Yang berat lagi perpisahan ini bukan cuma berpisah sekolah tapi karena gue akan pindah rumah juga.
Gue nangis sambil peluk-pelukan dengan sahabat SD gue (ada 5).

Saat tiba waktunya mengakhiri masa Sekolah Menengah Pertama, gue juga ngerasa sedih, cuma yang ini nggak sampe keluar air mata.
Gue juga sedih karena harus berpisah dengan 2 sahabat gue, ya berpisah karena akan berbeda sekolah tapi life must go on. Nggak mungkin jugakan gue meratapi perpisahan itu.

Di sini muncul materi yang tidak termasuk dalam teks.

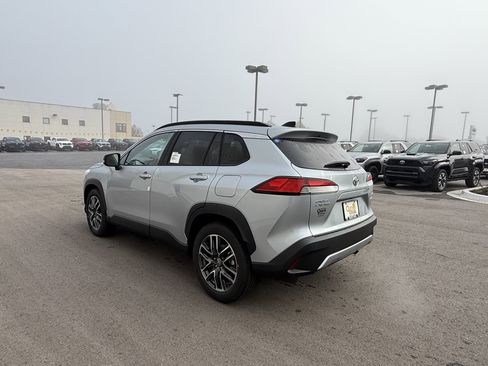 New 2026 Toyota Corolla Cross XLE image 5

Nggak mesti nangis sih, tapi hati gue suka tersentuh…terharu…dan akhirnya berkaca-kaca terus menyeka air mata kalo ‘si perpisahan’ datang menjemput.

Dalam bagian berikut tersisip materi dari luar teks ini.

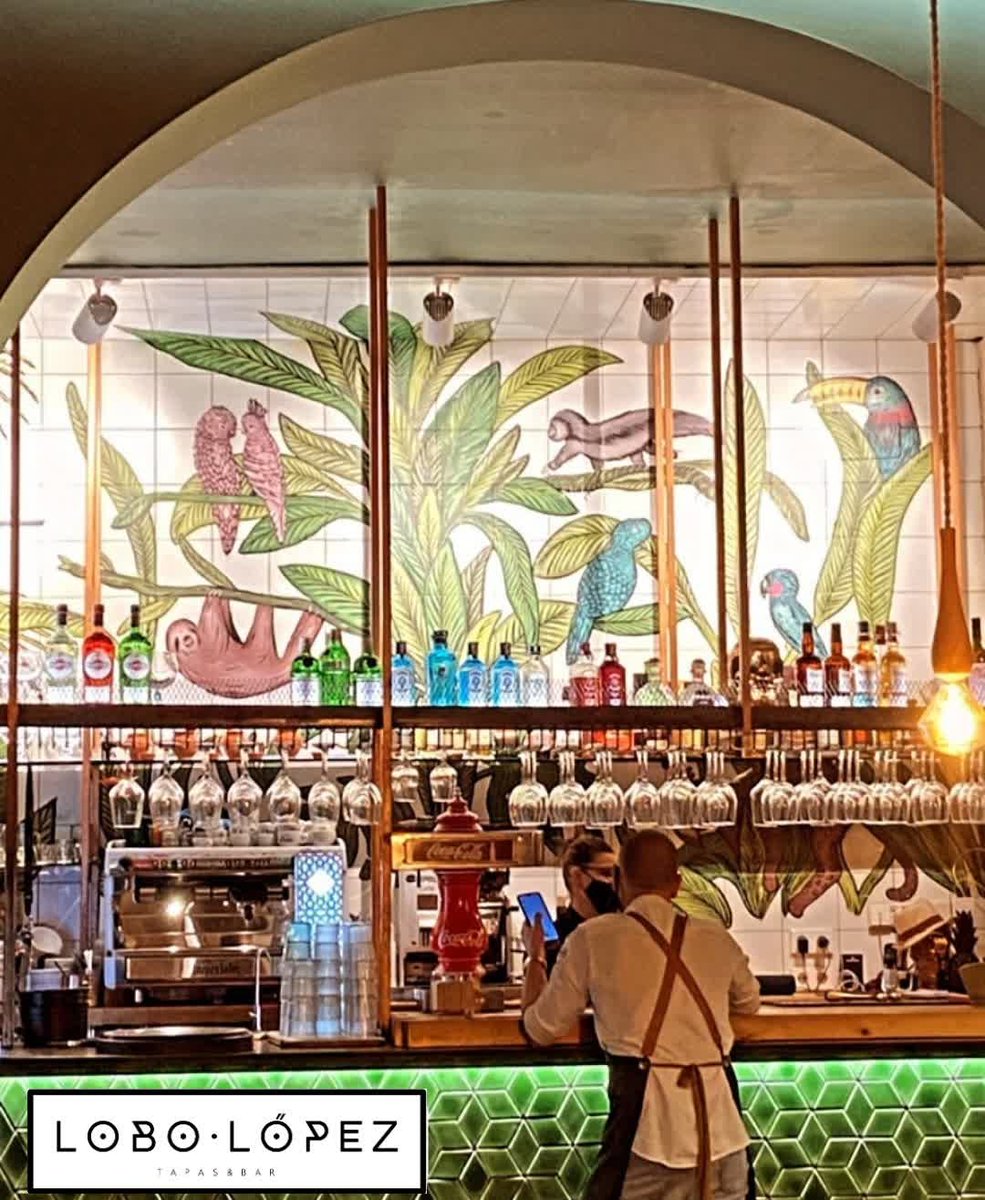 Una coctelería para disfrutar todos los días 😋❤️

Pernah sekitar 1 bulan yang lalu, gue datang ke sekolah adek gue buat jadi tukang jeprat- jepret karena adek gue yang masih kelas 1 SD (waktu itu) mau baca puisi dalam rangka Pelepasan Siswa Kelas VI .
Di bagian puncak acara, anak-anak yang mau dilepas itu alias siswa siswi kelas VI menyanyikan lagu Hymne Guru dan ada pembacaan puisi di tengah-tengah lagu.
Si pembaca puisi itu tiba-tiba menangis dan terbata dalam menyelesaikan puisinya. Kecepatan air matanya lebih cepat dibandingkan kecepatan kata yang keluar dari bibirnya, and then entah angin dari mana tenggorokan gue tercekat…gue ikut ngerasa terharu. Mata gue udah berkaca-kaca. Anak-anak yang nyanyi juga udah pada tumpah tuh air matanya, terus gue ngelirik guru-guru mereka. oh para Pahlawan Tanda Jasa itu terlihat mengambil tissue dan mengusapkannya ke wajah bagian atas, yang gue simpulkan adalah mata, yang gue simpulkan lagi mereka menangis..

Honestly, gue ngerasa aneh dan bodoh banget. Gue nggak kenal sama mereka, mereka juga nggak kenal sama gue, yang mau berpisah adalah mereka satu sama lain bukan gue lalu kenapa gue ikut terbawa kesana?

Gue seperti ranting kering yang terbawa arus (oooh lebay)

Lalu gue meyakinkan diri untuk nggak perlu ikutan sedih meski sama-samar gue ingat masa pelepasan gue waktu itu dan jadi inget temen-temen gue.
Aarghh sudahlah fit !
Gue masih memerhatikan mereka yang masih bernyanyi di panggung. Hampir semua anak perempuan pipinya basah, ya anak perempuan.
Tiba-tiba gue penasaran bagaimana raut wajah dan perasaan anak laki-laki menghadapi perpisahan itu.
Dari beberapa wajah yang gue tangkap, raut wajah mereka adalah BIASA AJA… nggak ada air mata…nggak ada pipi basah karena air mata, kalau keringat mungkin iya…nggak ada muka sedih…nggak ada rasa haru..nggak ada dalam mata telanjang gue.

Dari 3 jenjang perpisahan yang gue lewati, nggak ada satupun yang gue lihat ada cowok nangis atau seenggaknya sedih saat perpisahan. Sekalipun temen gue yang melambai di SMP, dia tetep aja cengengesan tuh kayanya.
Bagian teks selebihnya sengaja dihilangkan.